Nesse sentido, o respeito aos precedentes judiciais tem sido reconhecido no sistema de processo brasileiro. Sendo assim, o que é verificado nas mudanças ocorridas no âmbito processual é a adoção de procedimentos que visam fortalecer os precedentes na prática jurídica brasileira, especialmente nas estruturas do Supremo Tribunal Federal e do Superior Tribunal de Justiça. Diante dessa realidade, os legisladores do Projeto do Novo Código de Processo Civil buscam disciplinar em seu texto mecanismos que almejam obter maior racionalidade e uniformidade da jurisprudência, fortalecendo, com isso, os precedentes dos Tribunais e dando maior segurança jurídica. (ALVIM, 2011)

5 CONCLUSÃO

 

Objetivou-se com esta abordagem expor de forma prática e fundamentada acerca da adoção da Teoria dos Precedentes Judiciais pelo Ordenamento Jurídico Brasileiro, e nos Tribunais Superiores.Como pôde ser notado, o Novo Código de Processo Civil recebeu tal teoria em seu escopo.

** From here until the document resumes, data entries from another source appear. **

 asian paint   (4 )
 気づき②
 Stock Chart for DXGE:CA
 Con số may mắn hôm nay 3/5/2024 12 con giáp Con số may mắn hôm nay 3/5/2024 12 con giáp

Primeiramente foi demonstrado os principais conceitos relacionados a teoria dos precedentes judiciais, tendo como principal objetivo familiarizar o leitor à temática, para que possa discernir com clareza as principais diferenças dos conceitos relacionados à Teoria dos Precedentes Judiciais.

Em seguida, foi feita a análise de técnicas de aplicação e superação dos precedentes judiciais. Tais técnicas podem ser de aplicação ou de superação. No caso se houver necessidade para que um precedente não traga prejuízos ao sistema processual brasileiro, as técnicas de superação estão a disposição do Judiciário para aplicarem nos casos necessários.

Por fim, é explicitadoa segurança jurídica que é gerada pelos precedentes judiciais. Pelo fato de o sistema judiciário do país ser moroso e bastante sobrecarregado, a teoria dos precedentes judiciais evidencia uma maior segurança jurídica nas decisões judiciais, bem como dar maior celeridade ao sistema judiciário do país.

Apresentou-se os aspectos históricos, conceituais e processuais , sem a pretensão de esgotar o tema. O presente trabalho soma para a boa compreensão jurídica acadêmica para a temática da Teoria dos Precedentes Judiciais.

Além disso, esse tema tem grande relevância para estudo das ciências processuais, especificamente na parte recursal, tendo em vista que, com a adoção da Teoria dos Precedentes Judiciais pelo Código de Processo Civil, há uma maior uniformização e maior efetividade na hora de aplicar os recursos cabíveis.